VICTIMS of crime in Greater Manchester have shared their experiences of restorative justice and how it has benefited them.
Following the launch of the Greater Manchester Restorative Justice Service – which aims to bring victims of crime in contact with offenders – in summer 2019, more than 100 people have so far been supported across the city-region.
The service is commissioned by Greater Manchester Combined Authority working in partnership with Greater Manchester Police and other agencies across Greater Manchester, and is delivered by Remedi – a specialist restorative justice charity providing a one-stop shop for all things restorative justice.
As part of this year’s Restorative Justice Week, victims of crime who have benefited from the Greater Manchester Restorative Justice Service have met with the Deputy Mayor of Greater Manchester, Bev Hughes, Greater Manchester Police and representatives from Remedi.
During the meeting on November, 18, three victims of crime – Paula Robinson, Nick Ringland and Tony Wright – shared their experiences of how restorative justice worked for them.
Paula is part of a church in Reddish, which was broken into last year – resulting in a window being broken and gifts for the Christmas raffle stolen.
Paula said: “Following the break in at the church we heard that the ‘invader’ had been arrested by the police. The incident was an ‘eye opener’ and impacted different members of the church in different ways.
“Remedi got in touch and asked if I would like to speak with the offender, and on behalf of the parish I accepted. Restorative justice has helped us all to process what happened and move on with our lives.”
Nick Ringland is a paramedic with North West Ambulance Service and he was assaulted while dealing with an incident. The man who assaulted Nick was arrested by police.
Nick said: “As I went on my restorative justice journey it felt rewarding to meet the offender and hear his story – this helped me to understand what happened and why. It also gave me the opportunity to explain the knock on effect of this kind of assault.”
Tony Wright was assaulted by a group of youths while he was walking along the canal into Manchester City Centre. The group attempted to take Tony’s phone and wallet, with threats made to cause him harm.
Tony said: “At first I was a bit sceptical of restorative justice as wasn’t sure it would work but decided to go ahead. I met my offenders and their parents and explained how the incident made me feel and why I had opted to follow the restorative justice option.

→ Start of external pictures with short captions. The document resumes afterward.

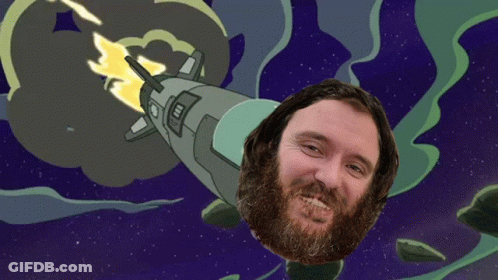 Bearded Man Smiling In Front Of Rocket In Space GIF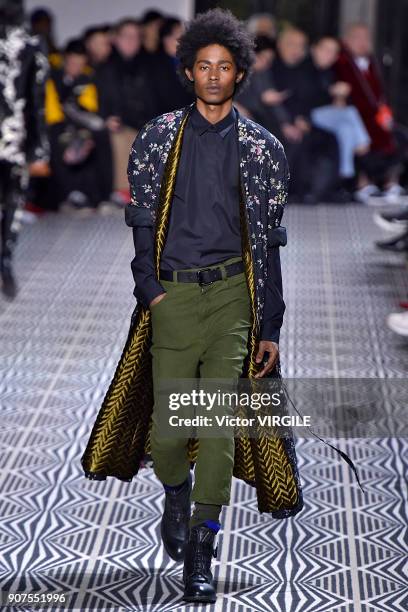 Model walks the runway during the Haider Ackermann Menswear Fall/Winter 2018-2019 show as part of Paris Fashion Week on January 17, 2018 in Paris,...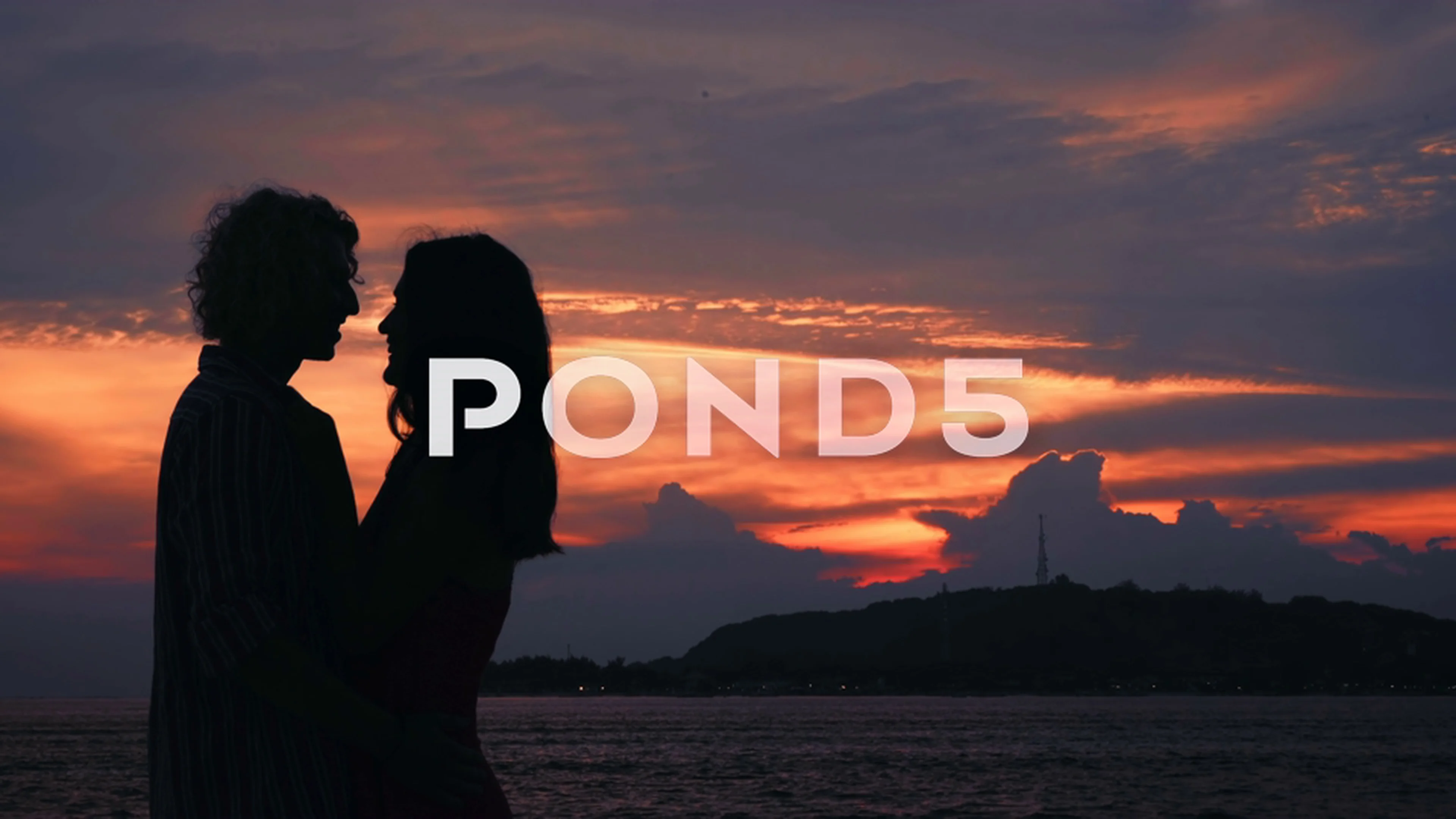 Couple kissing silhouettes in front of ocean sunset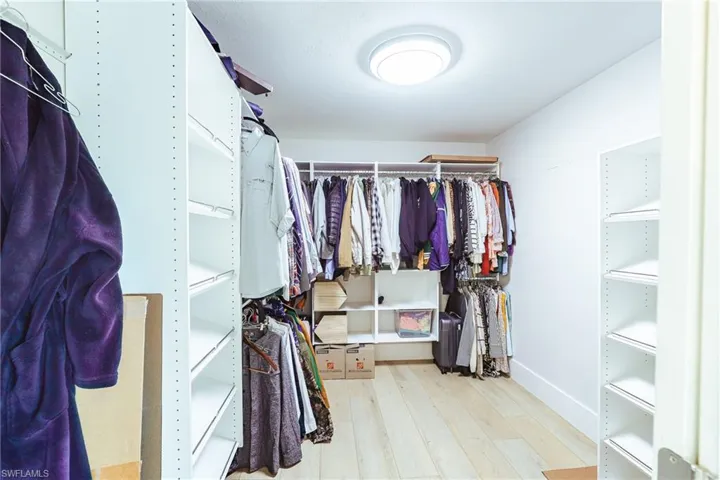 Spacious closet with wood finished floors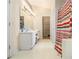 Bathroom featuring dual sink vanity, a large mirror, and a striped shower curtain at 2397 Cove Lake Rd, Lithonia, GA 30058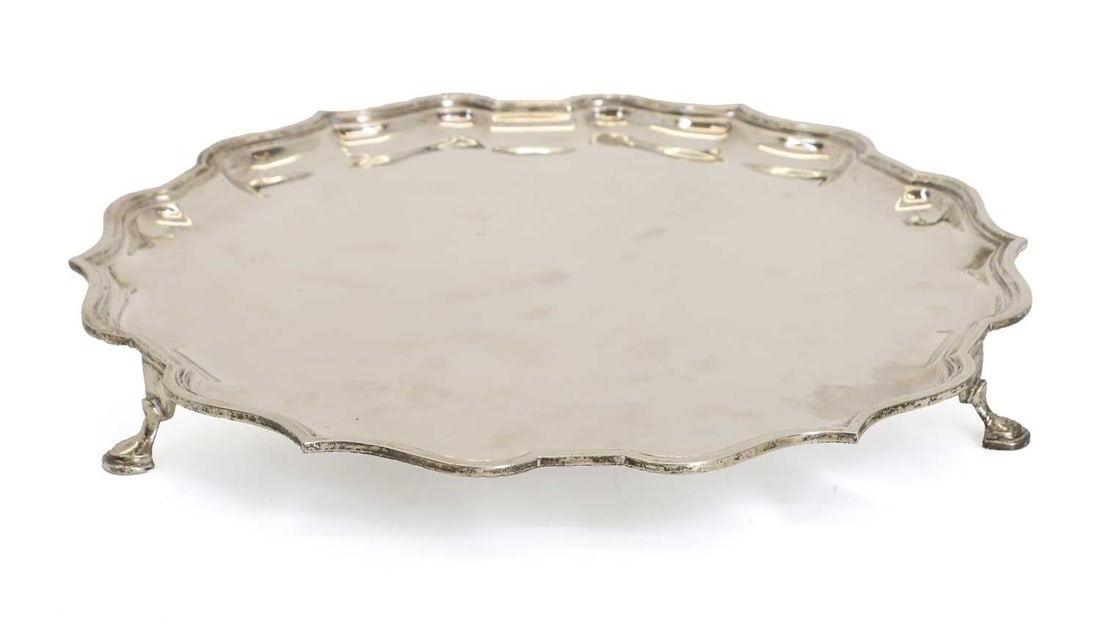 A silver salver,: A silver salver, by Elkington & Co Ltd, Birmingham, 1946, with a scalloped edge and terminating on hoof feet 36.5cm wide, 42.3ozt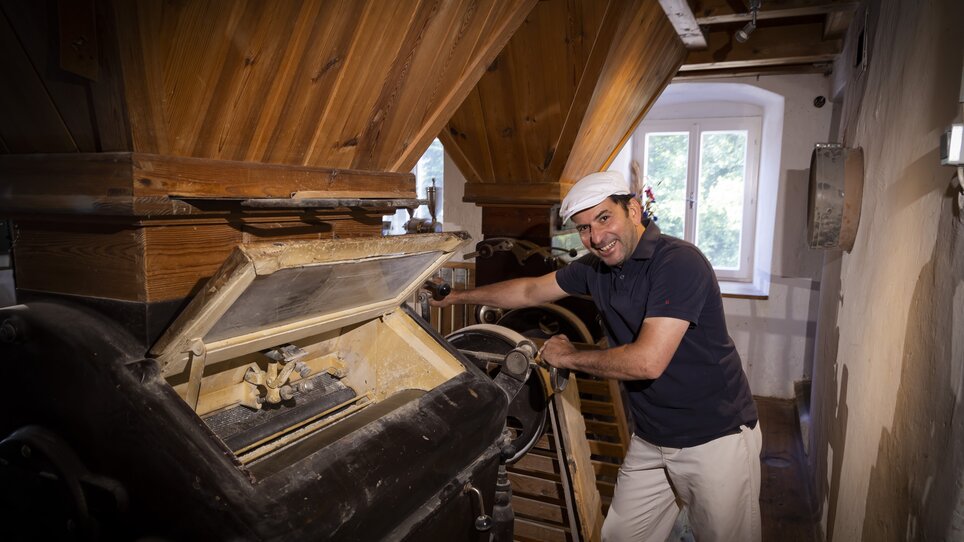 Ein Müller steht an einer großen Mühle und lächelt, während er arbeitet. | © Werner Krug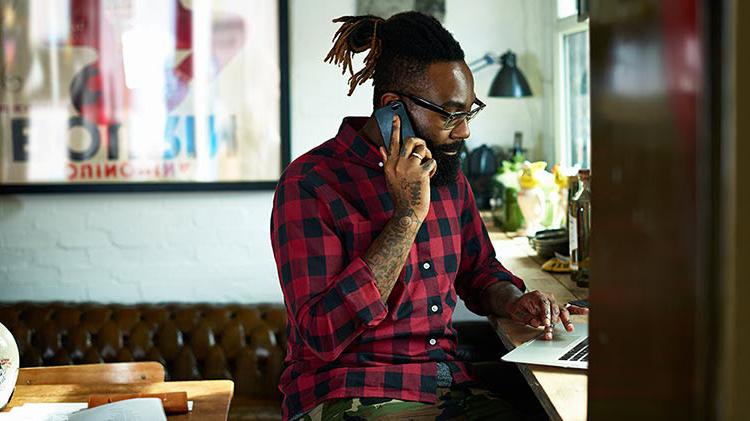 Adult man working on his laptop while also on the phone.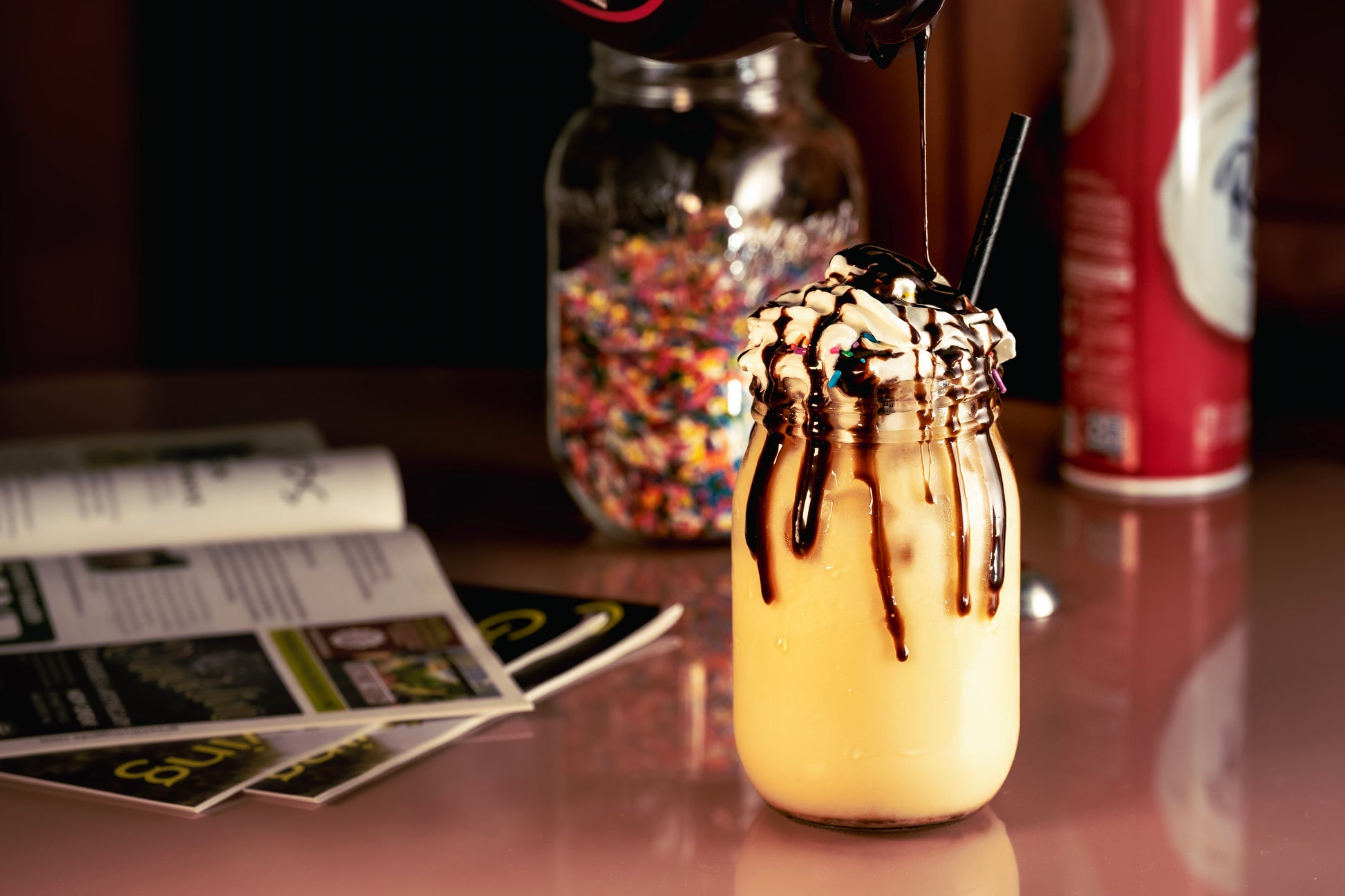 banana split latte with chocolate sauce being poured on top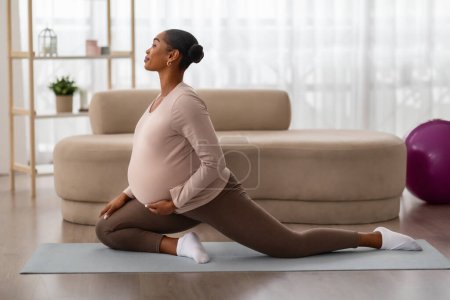Téléchargez les photos : Femme afro-américaine enceinte étirant les jambes s'entraînant à la maison. Femme noire enceinte fait échauffement exercice d'aérobic sur tapis de yoga, concept de grossesse saine, espace de copie - en image libre de droit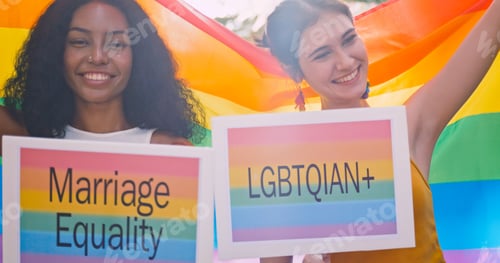 Preview: A lesbian couple waves a rainbow flag, a symbol of homosexuality, during a pride parade.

“The responses received during the meeting were sincere and a weight was lifted off my shoulders. I am so glad things have ended the way they have – we are all better off for the restorative justice experience.”
Deputy Mayor of Greater Manchester Bev Hughes said: “Thank you all for coming along today and for your investment made in the restorative justice process. It’s great to hear that you all benefited from restorative justice, and that’s important to me as I need to know that the process works.
“We know that when used in the right way, restorative justice can be very effective. It is a powerful process in which criminals face up to what they’ve done and gives victims the closure they need.
“Since launching the Greater Manchester Restorative Justice Service has already helped more than 100 victims of crime while ensuring a consistent offer across the city-region – giving victims the chance to take part if they wish, while making sure restorative justice is used appropriately putting the needs of victims at the heart.”